Here and there, all over Lebanon, we find Syriac Maronite inscriptions engraved in the stones. The castle of St-Gilles in Tripoli for instance, is full of Syriac inscriptions, mainly epitaphs brought in from a Christian cemetery nearby and used by the Ottomans as simple masonry. Most of them are installed upside down. One of these however, could be a signature instead of an epitaph, because it is nicely installed as a lintel. It is dated 1737 and gives the name of a certain George son of Fayez. Other examples of the St-Gilles castle are representative of the epitaphs imported as a re-use material. One of them carries the name of the priest Moussa. Like all the others in this castle, it is from the 18th century. It is dated 1754.
In Byblos, St-John-Marc was also built by the Crusaders. Its epigraph is on the lateral entrance that was restored in the 18th century. It mentions the restoration event and the names of Pope Pius 6 and Syriac Maronite Patriarch Joseph Estéphan. It is dated 1776.
We notice its letters are getting increasingly smaller in the lower lines as if the sculptor didn’t manage correctly the space on the stone. Nevertheless, if we refer to a Syriac Maronite school book dated 1913, we observe this phenomenon repeating itself on paper support, as if it was a tradition for the Syriac Maronites.
If we leave the coast and head up to the mountains to the Monastery of Our Lady of Mayphouq we find two beautiful epigraphs on a Trifora, or triple bay. To the left, the inscription dated 1891, provides the names of the monks who worked on the monastery’s restoration. To the right, the inscription is under a cross, dated 1904. It says:
*Lo purqono élo ba slivo
*Wlo hayé élo bé
*There is no salvation but by the Cross
*And no life outside of it
Group 2: Circular Epigraphs
The second group to discover is the one with circular epigraphs. They are called Glilo in Syriac, meaning Circle. Their importance is fundamental for the theological message conveyed by the art of inscriptions through their shapes and symbols. This will be elaborated and developed in a later article.
Our first example of Glilo or circular inscription is in Mar Shalita’s Monastery in Gosta, dated 1670. We read:
* Téshbouhto l’Aloho
* Etnih bqavro hono
* Guewarguis Petros
* Patriarko d’Antiokia Morounoyé
* Mén bsébeel bashnay Moran Olaph w shét mo w shav‘in
* Glory to God
* Rests in this tomb
* George Peter
* Patriarch of Antioch of the Maronites
* From Bsébeel in the year of the Lord 1670
Another Glilo, or circular epigraph, is from the same year (1670) but in Our Lady of Tamish (Image 4). It shows the same little cross on the top. The Glilo, of Maad’s Monastery (Image 5) is dated 1813. This one is the only example where calligraphy curves itself to define the circle.

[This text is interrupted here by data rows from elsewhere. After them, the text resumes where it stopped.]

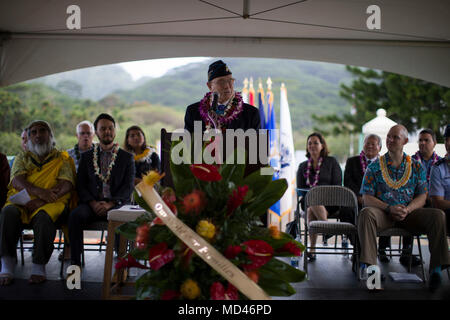 180317-N-AV234-0708 (17 mars 2018) Kaneohe - la deuxième guerre mondiale, récipiendaire de la médaille d'Honneur et Membre de la famille Gold Star Fondateur Memorial Hershel 'Woody' Williams aborde Virginia Gold Star famille lors d'une cérémonie tenue à Hawaiian Memorial Park le 17 mars.L'étoile d'Or Famille Monument Mémorial Foundation a été créée par la DEUXIÈME GUERRE MONDIALE, récipiendaire de la médaille d'honneur Hershel 'Woody' Williams en 20101 pour se souvenir des familles qui ont fait le sacrifice ultime. À ce jour, il y a 32 monuments dédiés à travers les États-Unis devraient avec 45 autres projets en cours dans 36 états.. (U.S. Photo par Marine Mas Banque D'Images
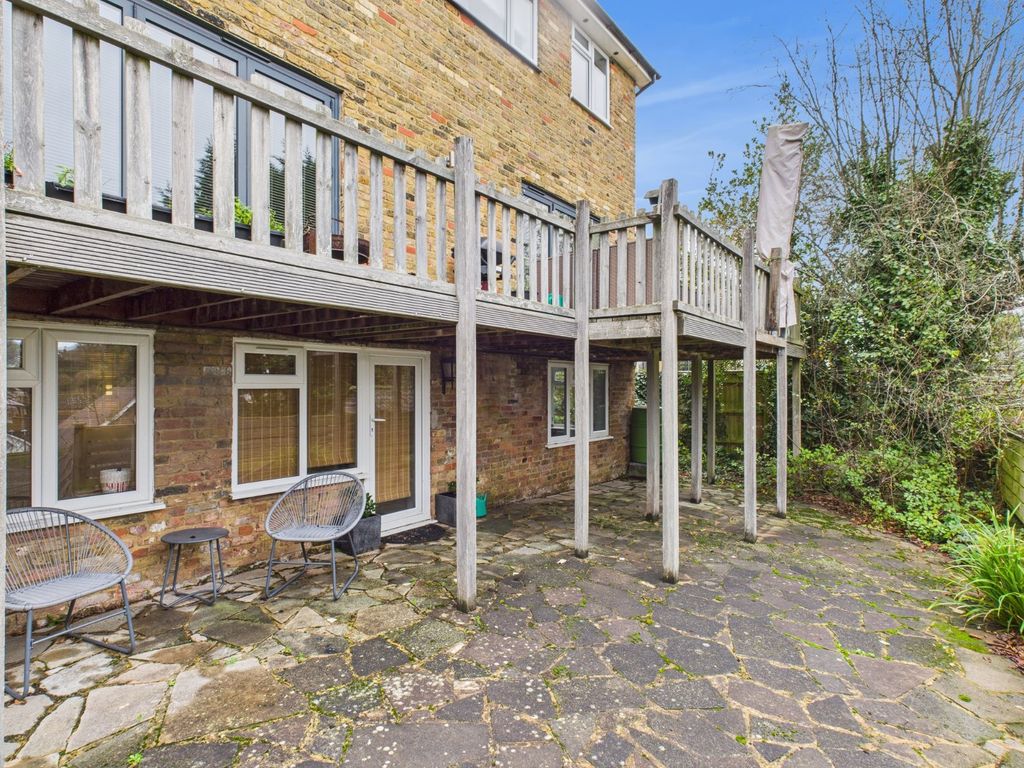 Property photo 3 of 22 Picture No. 03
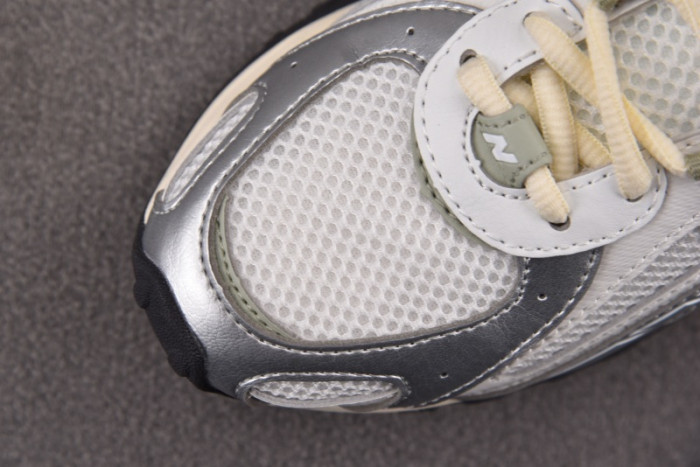 N3w Balance 204L Silver Metallic Sage Green U204LSWB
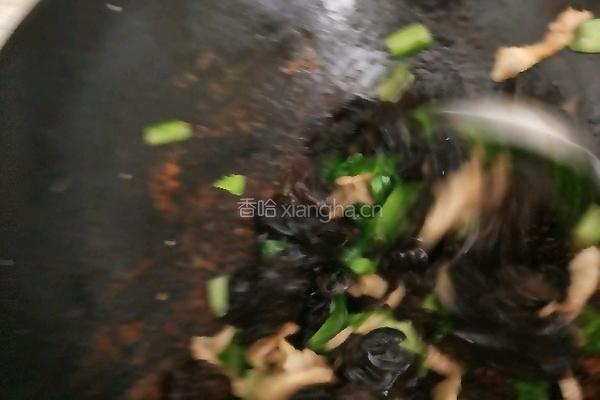 木耳小白菜肉的做法图解11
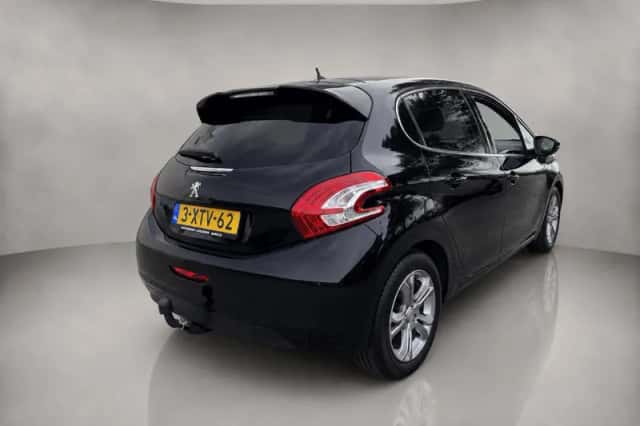 Peugeot 208 (2014) thumbnail 3
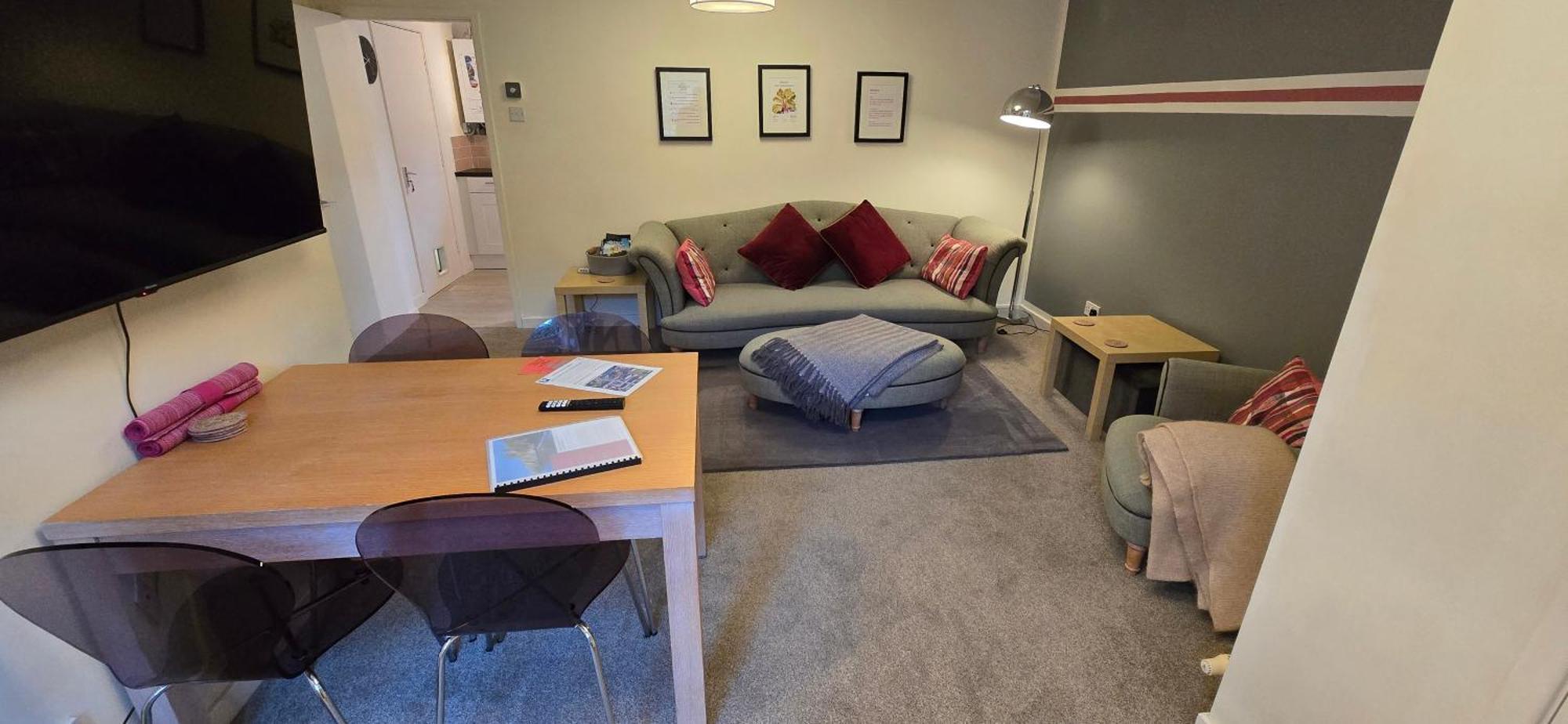 Rhubarb Retreat - Stylish House, Sleeps 5, 10 Mins To & Parking & Garden * Durham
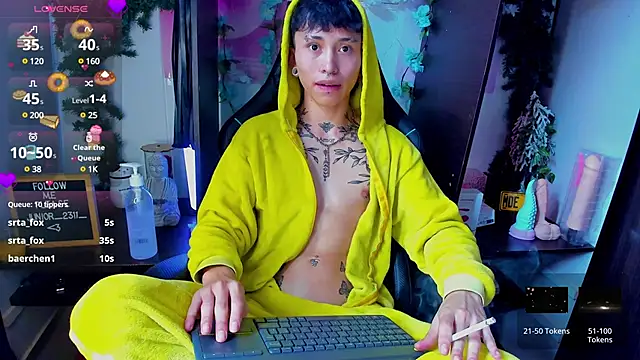 juniior 2311  online show from March 20, 2025, 3:04 pm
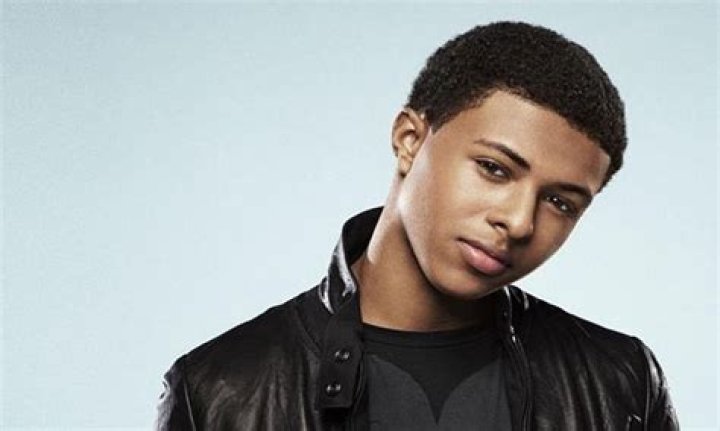 Diggy Simmons Bio Wikis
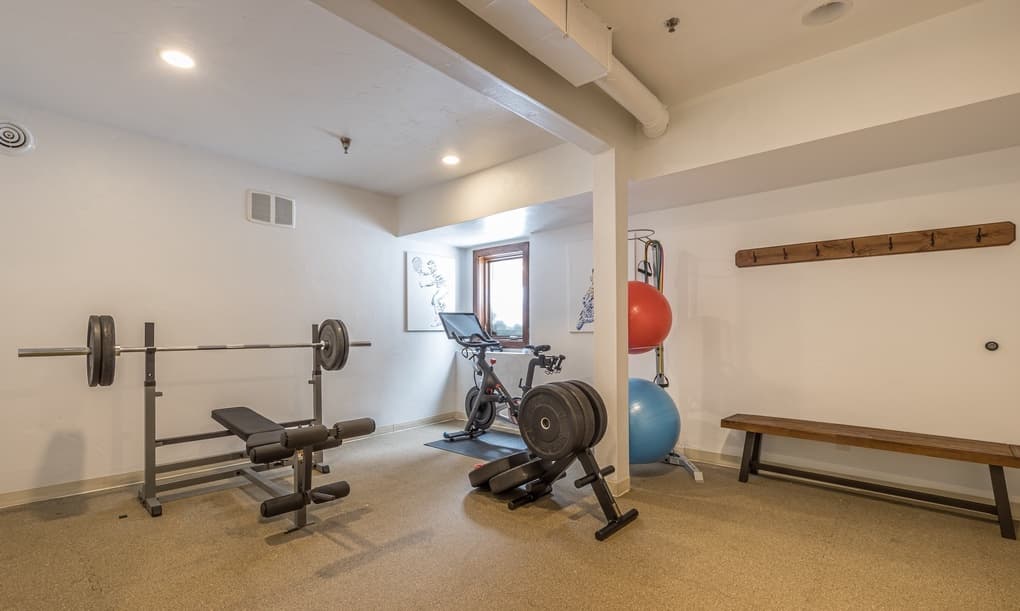 Beaverhead Residence #401 - Image 36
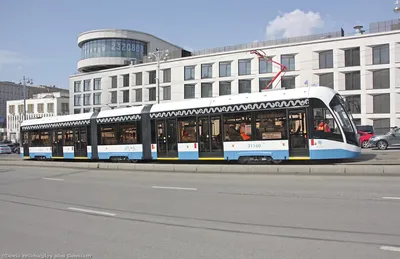 Трамвай \"Витязь\" вышел на Московские улочки.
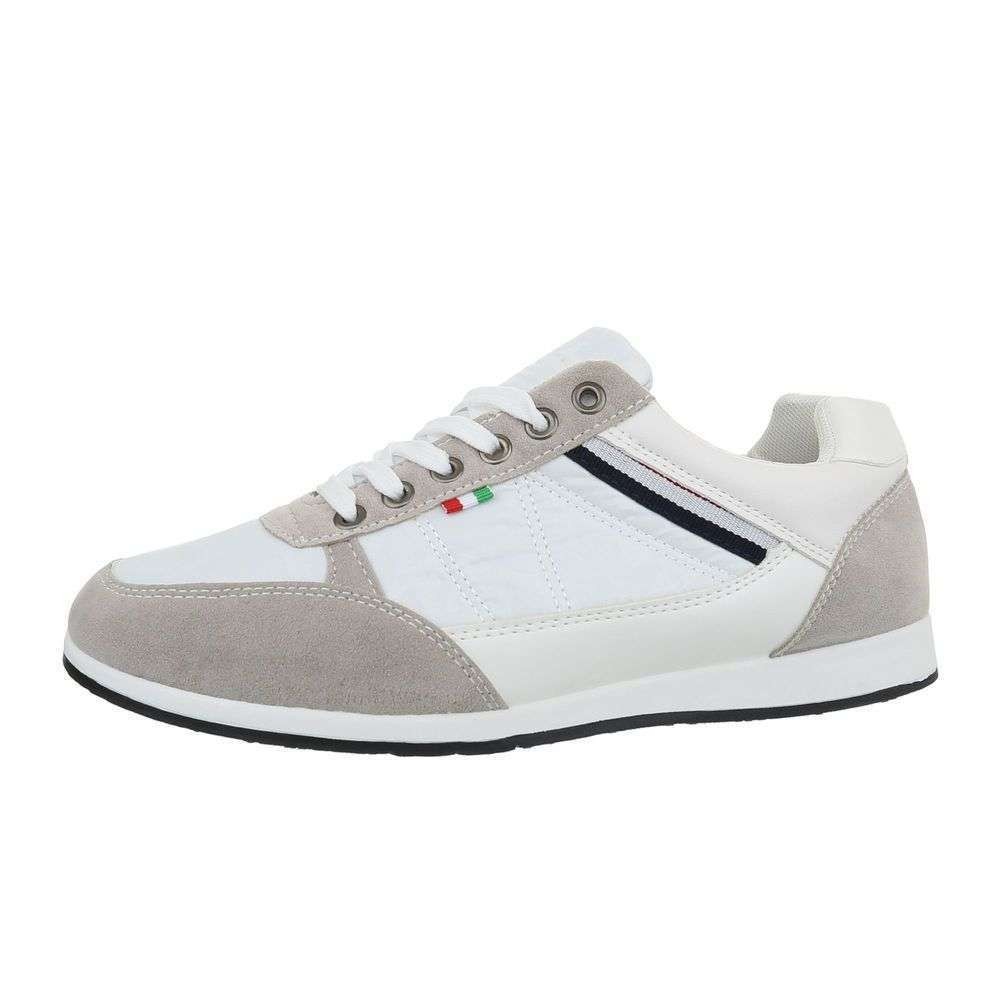 

Кроссовки мужские 3C 44 белые (C9028-2-white!44)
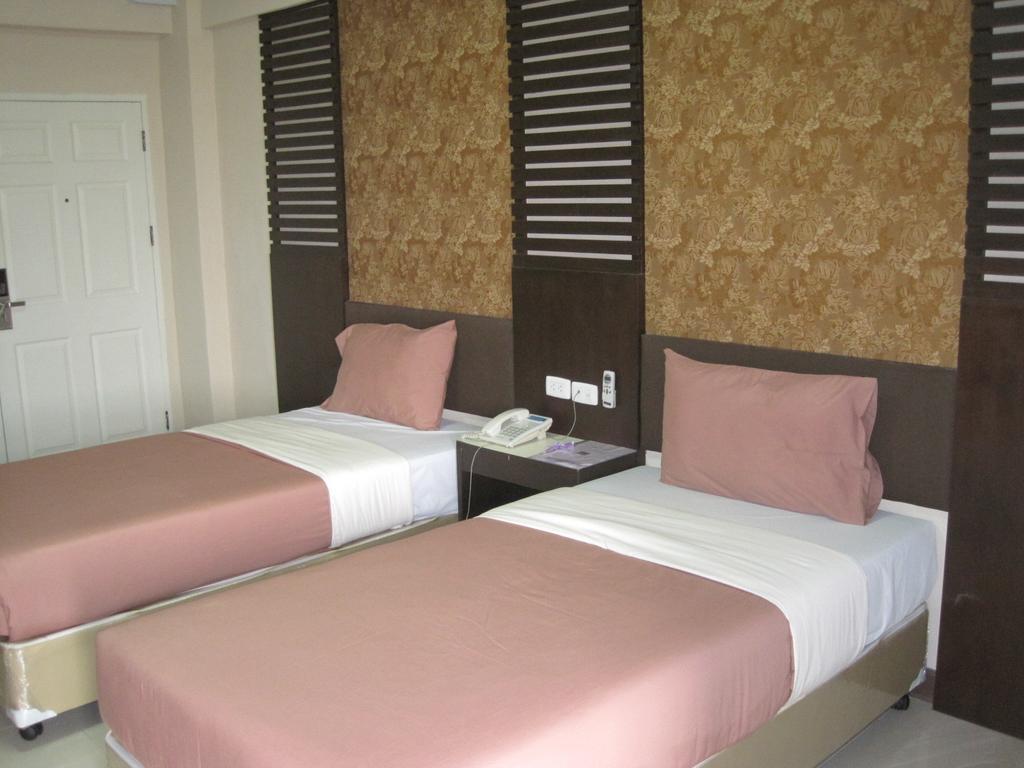 The Wing Design Hotel Bangkok Room photo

Another Glilo is at the monastery of St Simon in Aytou (Image 6). It is dated 1868. It looks like a Host and contains a crucifix with the date and the name of the convent. Two characters personify the sun and the moon, Jesus’ divinity and humanity.
Our Lady of the Prairie in Qornet Hamra (Image 7) has its epigraph in osmosis with the rose window. Inside one circle, we find the opening, the cross, the inscription, and the two stars: the sun and the moon, representing again the divinity and humanity of Jesus Christ. Our Lady of Mashmoushé (Image 8) shows the same effect. The inscription is mixed with the rose window and the cross. The text is also the same as in Qornet Hamra. It says:
“Who choses to be a servant to Mary, will never taste death”.
We find the same phenomenon once more, in St Morun in Mazraat Yeshoua (Image 9). The Glilo assembles together the rose window, the cross, the sun and the moon, as well as the same Syriac inscription dedicated to Mary. The Divinity and Humanity of Christ are on the sides of the cross.
All of these repetitions inform us about the existence of a tradition that we can not ignore any longer. There is a treasure of forms, signs, expressions, and messages that define an artistic and theological culture. We will complete this knowledge in our next article with two more groups concerning the squarish inscriptions and the crosses.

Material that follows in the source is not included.